Wednesday, 15 July 2015

Faced with hunger: durable households or resilient networks of women?

 by Ayesha Mysorewala  

A mother feeds her children - field site in Dadu, rural Pakistan. Credit: Collective for Social Science Research
A collaborative study between the Collective for Social Science Research, IDS and Oxfam on food price volatility and its impact on the poorest, has highlighted the importance of social networks and the role of women in particular in tackling and managing hunger in times of crisis.

One of the study's findings was that for the poorest, in rural and urban areas alike, economic activity as well as social interaction revolves around the acquisition of the basic staple food – roti (wheat flour bread). Close as well as extended social networks ensured that individuals did not go hungry beyond a day or two. Besides reciprocal arrangements between relatives and neighbours, food was also accessed through more hierarchical channels such as from employers and patrons, or through charity and begging.

Adverse shocks affect family bonds within and beyond households impacting the most vulnerable
In the food economy of the poorest, the boundaries of the household itself appeared to be fluid and shifting. Social programmes as well as policy research often treat the household as a robust unit of intervention and analysis. It is usually defined as the group of persons who share a dwelling and who normally eat from the same kitchen.

But amongst the poorest, children are often sent to eat at a relative’s home on a hungry day. Hungry days come about when there is an adverse shock to the family, such as a bout of illness or the breadwinner losing his/her job.

As we discovered through repeated visits to the same communities, there was a close association between adverse shock and changes in family bonds within and beyond the household, such as:
  • A dispute with a distant relative can lead to marital breakdown and eviction;
  • Inability to pay rent can cause a family to disperse and come together again; and
  • Death of a spouse can cause an individual to return to the city with his/her children and rejoin the rest of the family.
So while we already knew about the importance of social networks extending beyond the household, particularly in providing insulation against adverse shock, we now began to learn more about how these networks might actually work.

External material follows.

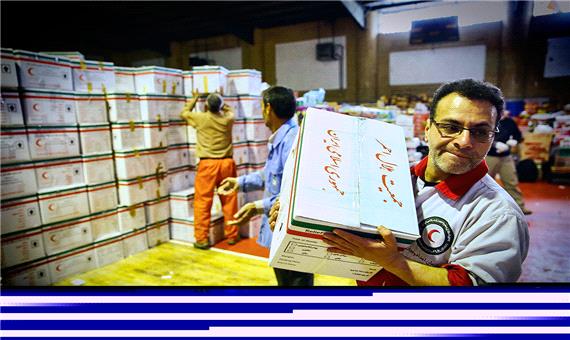 ارسال بیش از 11 هزار بسته غذایی برای سیل‌زدگان سیستان وبلوچستان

After all, a ‘social network’ cannot be treated like a black box. It must operate through specific connections between particular individuals.
Two girls interact with their neighbours over a household boundary at Karachi field site, Pakistan. Credit: Collective for Social Science Research 
We found that when it came to support on hungry days this was usually provided by women.For example, when there was no food in the house, women would ensure children did not go hungry by sending them to their maternal grandmother or aunt. They also thought little of exchanging a plate of food or raw vegetables with their neighbours when there was enough to spare.

One relatively better off female respondent to our research distributed food every Thursday to poorer households in exchange for blessings. Domestic workers could count on their female employers for rations and loans. In the urban site, a group of women had formed an informal savings committee to set money aside for emergencies.

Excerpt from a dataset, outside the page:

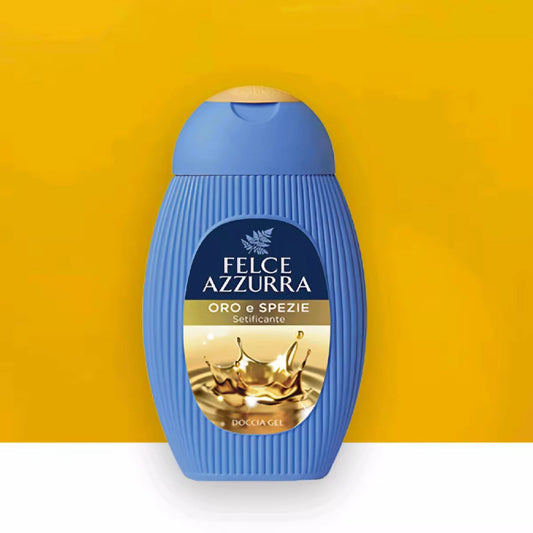 Felce Azzurra Gold and Spices Shower Gel 8.4oz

Women (especially mothers) remain a linchpin in the community during times of crisis
Traditional gender roles establish men as the breadwinners but hold women responsible for feeding the family. It is no wonder that when crises hit, women rally and turn to those on whom they have depended on for support from a very young age – other, perhaps senior or more established women, such as their mothers and sisters.

In another study I was involved with, it appeared that adolescent girls relied overwhelmingly on their mothers when they faced any crisis and then took on the roles their mothers had performed as they approached their late teens. Younger boys also seemed to rely on their mothers but then turned to diverse, mostly male, sources of support as they grew older.

Women's networks are almost completely independent of the support systems on which their husbands rely. For example, we found that it was more common for women to depend on their own mothers rather than their mothers-in-law for food and childcare. In one case, a woman’s increased reliance on her in-laws resulted in instances of domestic violence. This was in stark contrast to another married woman's experience in the same area - she could easily count on her mother when her husband was unemployed.

Our case studies contest existing narratives of poor women being isolated and lacking agency
The experiences of our respondents show that women have the ability to develop strong networks that help to see them through hungry days. Women’s networks persevere despite numerous social limitations on their mobility and are critical in the sustenance of the family.

We found that when the conventional male-headed household faced a crisis – either because of a hungry day, or due to a breakdown in family bonds – food security was often predicated on the resilience of a woman’s ties with other women.